Dive Brief:
- The EPA's chair Gina McCarthy told a meeting of state utilities regulators in Dallas this weekend that the new carbon reduction rules would be an "investment opportunity," and not a pollution cutting measure.
- The EPA's proposed regulation for existing power plants to cut carbon emissions aims to decrease carbon emissions throughout the U.S. by 30% through 2030, as compared to 2005 levels.
- McCarthy confirmed that the new regulation would be federally enforced, and that states should voice concerns over the EPA's proposed rule as part of the ongoing 120 day comment period.
Dive Insight:
The chair of the Texas Public Utilities Commission, Donna Nelson, said McCarthy's appearance at the regulators meeting was well-met, but that states like Texas, which has added significantly to its wind generation portfolio over recent years, may be unfairly targeted by the proposal.
Nelson added that although the Commission will hold a workshop to go through the legislation and try to make necessary comments in the 120 day timeframe, that may not happen just due to the sheer "breadth" of the legislation that has to be parsed out. The proposed regulations were released by the EPA on June 2, meaning comments can be submitted up until the end of September.
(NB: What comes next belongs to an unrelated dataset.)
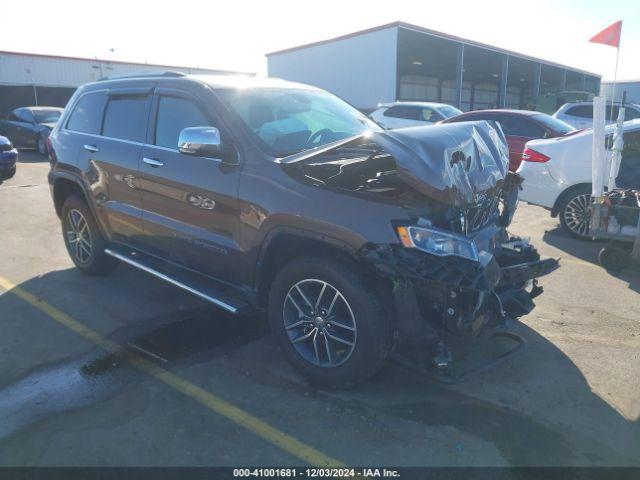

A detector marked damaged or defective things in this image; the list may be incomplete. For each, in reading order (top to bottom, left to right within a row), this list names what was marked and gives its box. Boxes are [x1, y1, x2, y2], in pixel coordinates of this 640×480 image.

crumpled hood [370, 121, 510, 207]
damaged jeep grand cherokee [50, 73, 556, 388]
broken headlight [396, 226, 480, 262]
In response to these concerns, McCarthy said state regulators, the federal government, and utility need to "keep working together," adding, "I think planning is crucial. I am here because the energy world is vital in this discussion. You can help provide an opportunity to bridge what I've always seen as a gap at [the] state and local level between environment and energy regulators in their lack of understanding of what one another does."